> _INPUT MATERIAL_
* * *

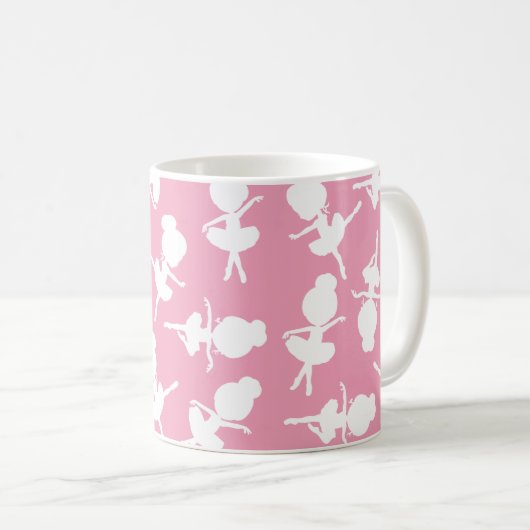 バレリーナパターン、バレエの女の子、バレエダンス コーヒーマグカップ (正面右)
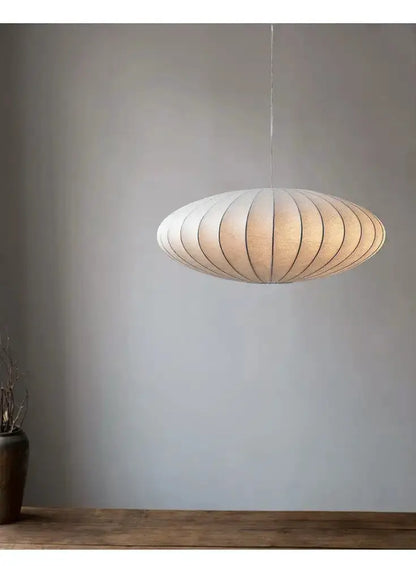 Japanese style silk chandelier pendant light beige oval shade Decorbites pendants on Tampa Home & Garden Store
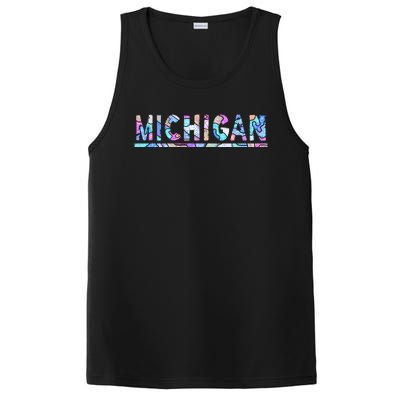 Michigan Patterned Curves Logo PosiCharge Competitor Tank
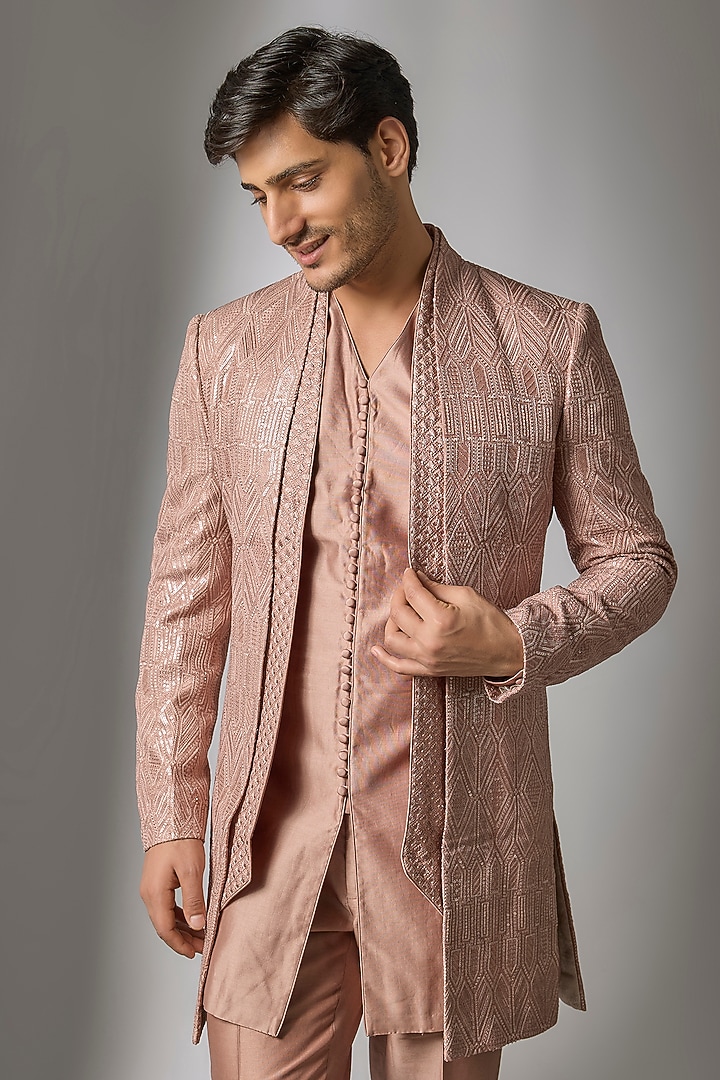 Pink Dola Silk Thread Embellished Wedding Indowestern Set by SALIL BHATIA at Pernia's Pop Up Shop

* * *

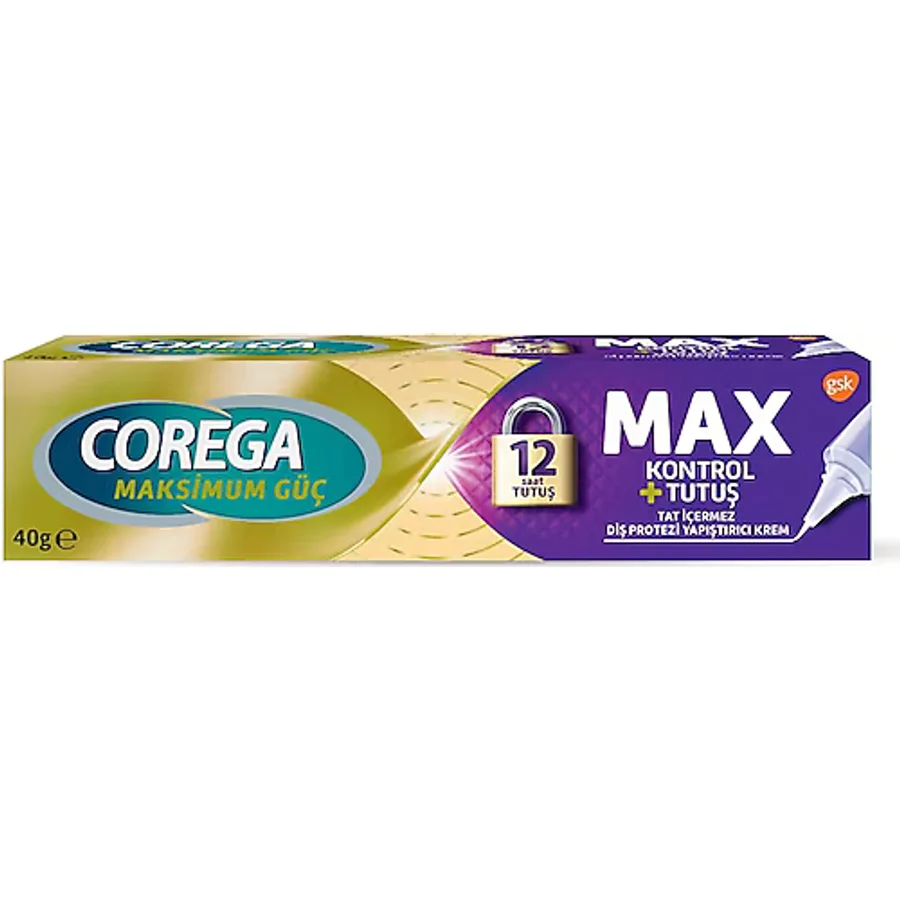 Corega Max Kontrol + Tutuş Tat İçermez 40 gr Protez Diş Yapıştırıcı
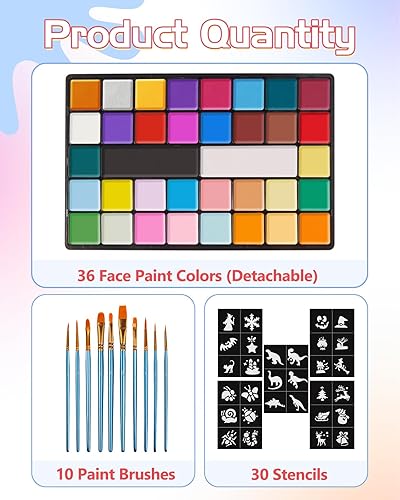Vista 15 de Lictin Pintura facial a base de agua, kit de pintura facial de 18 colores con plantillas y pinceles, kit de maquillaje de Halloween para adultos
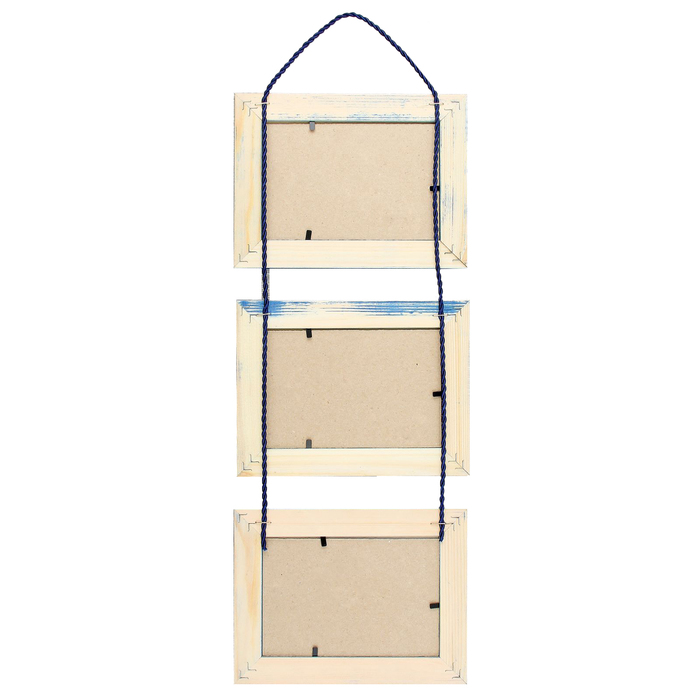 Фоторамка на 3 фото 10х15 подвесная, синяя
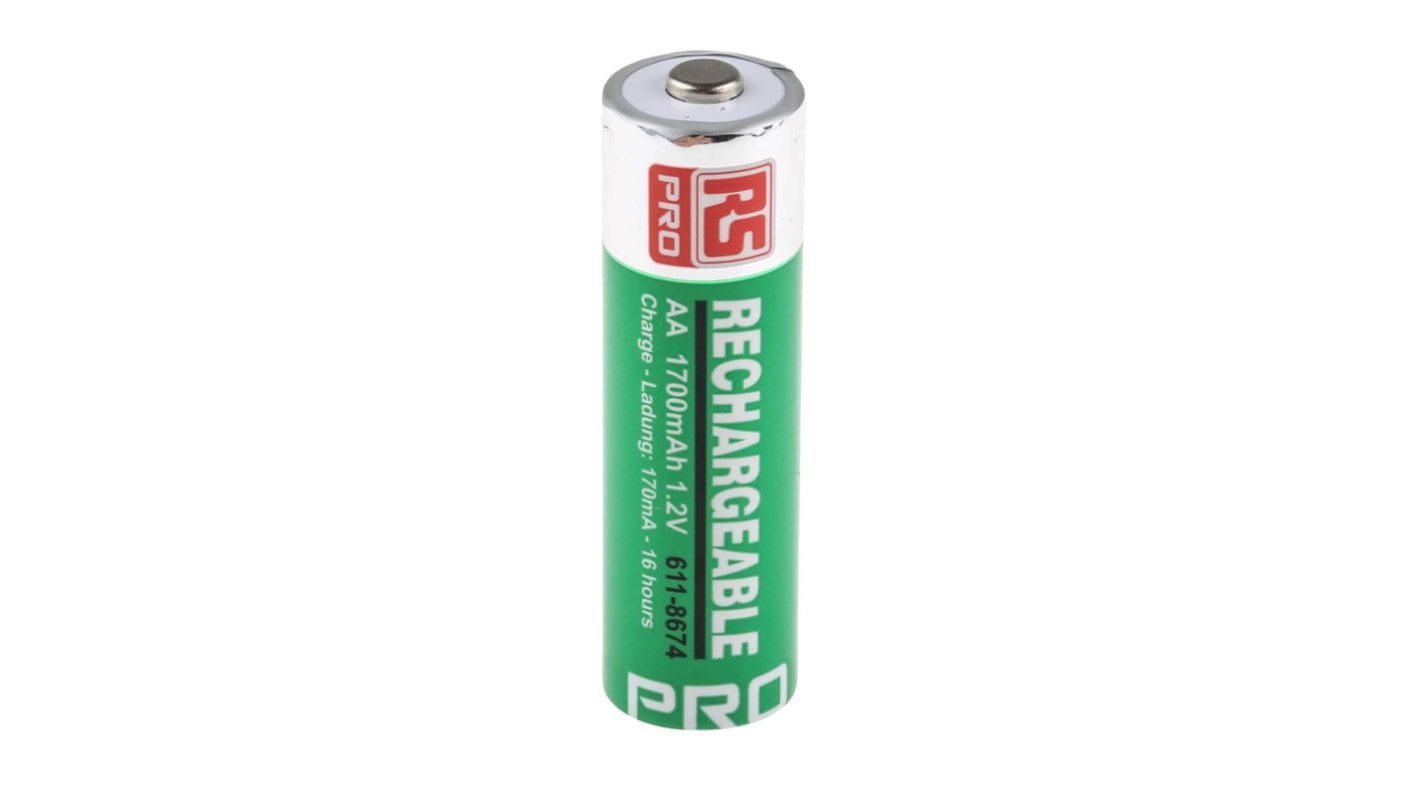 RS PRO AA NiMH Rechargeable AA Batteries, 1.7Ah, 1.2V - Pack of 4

* * *

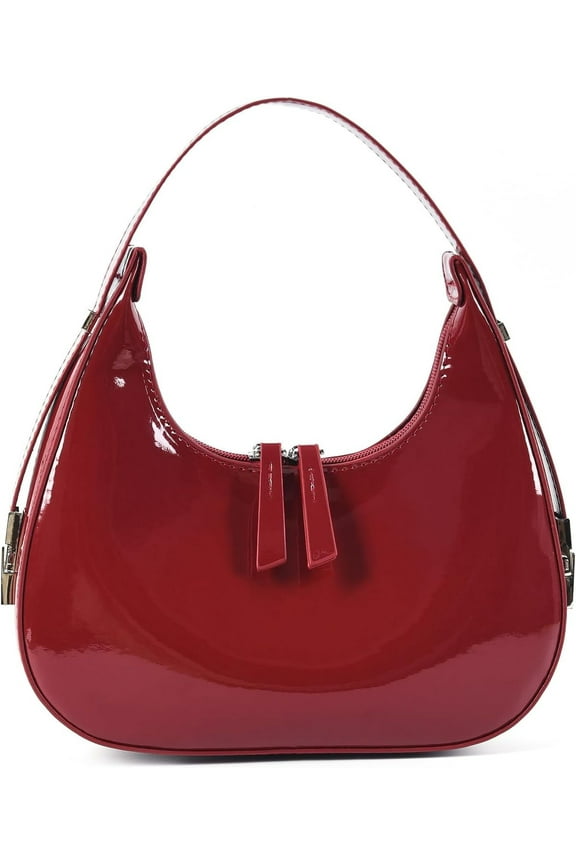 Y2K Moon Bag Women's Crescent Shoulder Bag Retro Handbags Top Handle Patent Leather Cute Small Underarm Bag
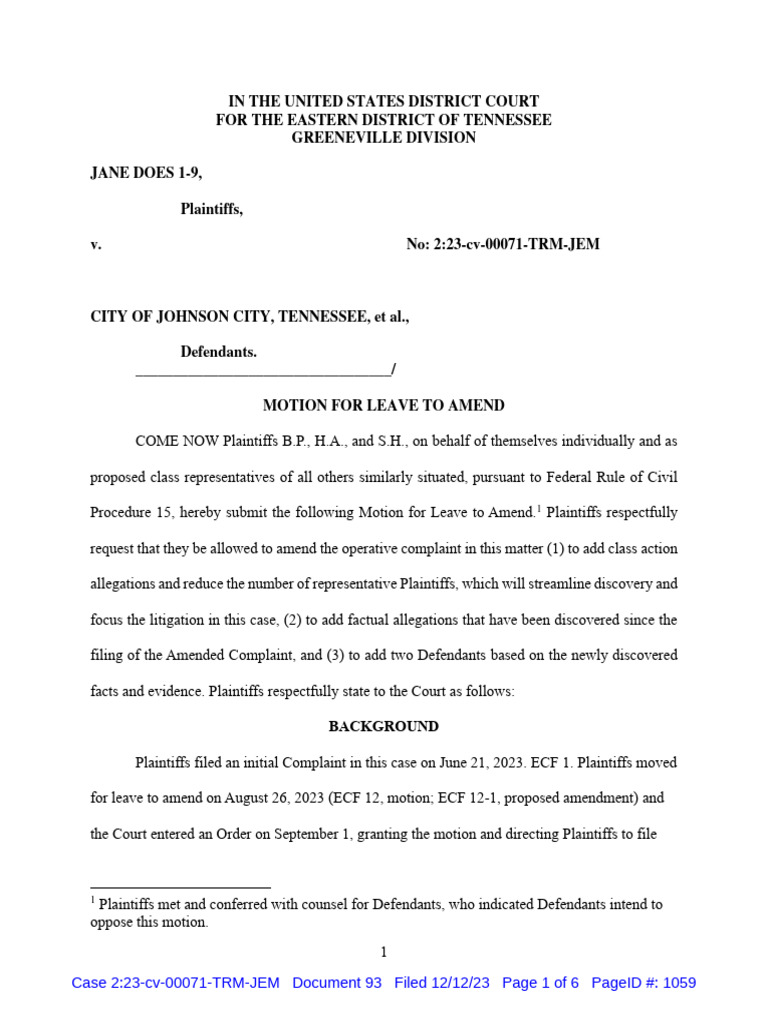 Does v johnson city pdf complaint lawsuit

* * *

> _INSTRUCTIONS TO FOLLOW_
Above are some records. Output exactly the lines from the one that contains "Japanese style silk" to the one that contains "Pink Dola Silk", keeping both, and omit the pictures.

> _WRITTEN REPLY_
 Japanese style silk chandelier pendant light beige oval shade Decorbites pendants on Tampa Home & Garden Store
 Michigan Patterned Curves Logo PosiCharge Competitor Tank
 Pink Dola Silk Thread Embellished Wedding Indowestern Set by SALIL BHATIA at Pernia's Pop Up Shop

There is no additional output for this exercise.